- Required work
Pictures stay out of the copy; set down each line of the listing below exactly.

- Recorded data
------------------------------

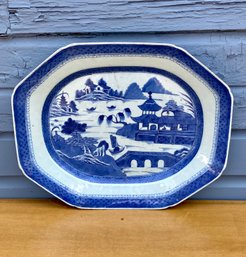 Large Antique Chinese Export Canton Platter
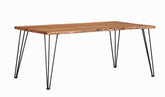 Tampa Furniture Outlet - Coaster - Sherman 71-inch Live Edge Dining Table Natural Acacia - 190911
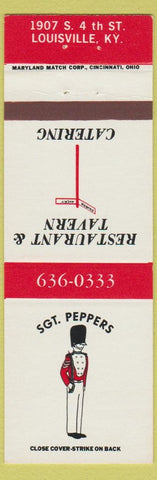 Matchbook Cover - Sargent Peppers Restaurant Tavern Louisville KY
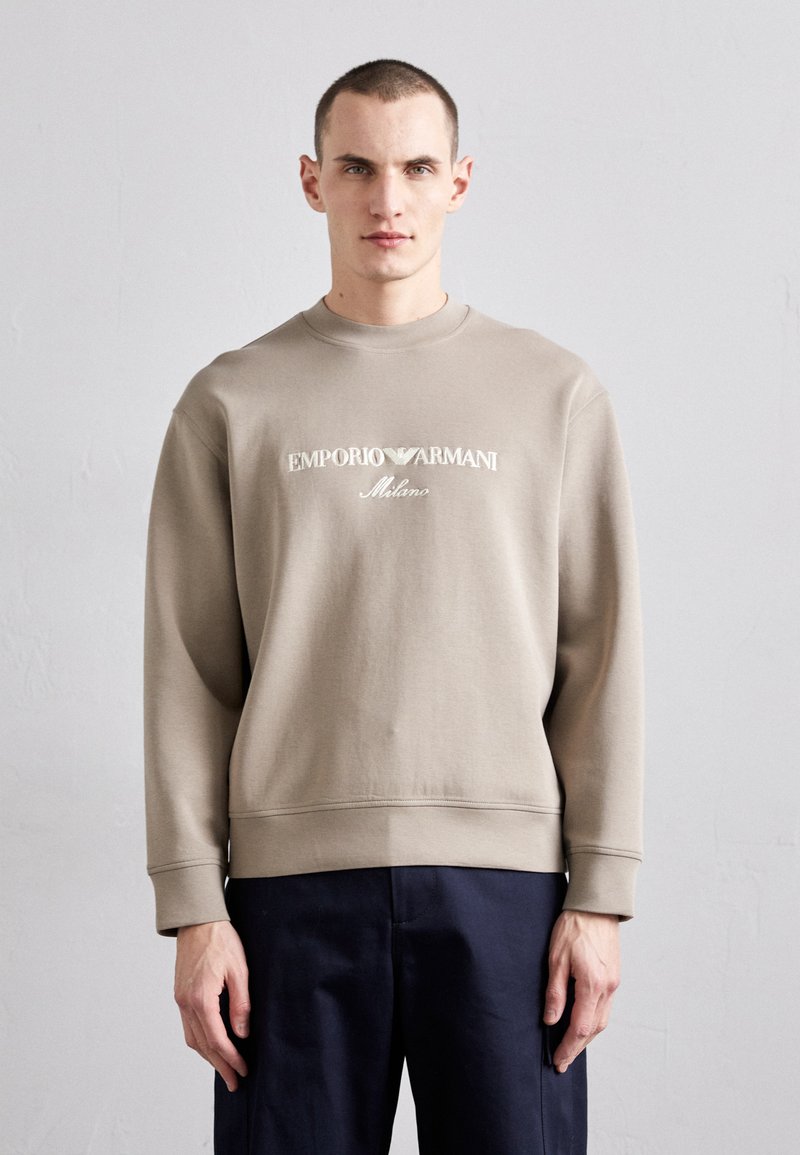 Emporio Armani - Sportinis megztinis - stone, Padidinti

------------------------------

- Result for this exercise
 Large Antique Chinese Export Canton Platter
 Tampa Furniture Outlet - Coaster - Sherman 71-inch Live Edge Dining Table Natural Acacia - 190911
 Matchbook Cover - Sargent Peppers Restaurant Tavern Louisville KY
 Emporio Armani - Sportinis megztinis - stone, Padidinti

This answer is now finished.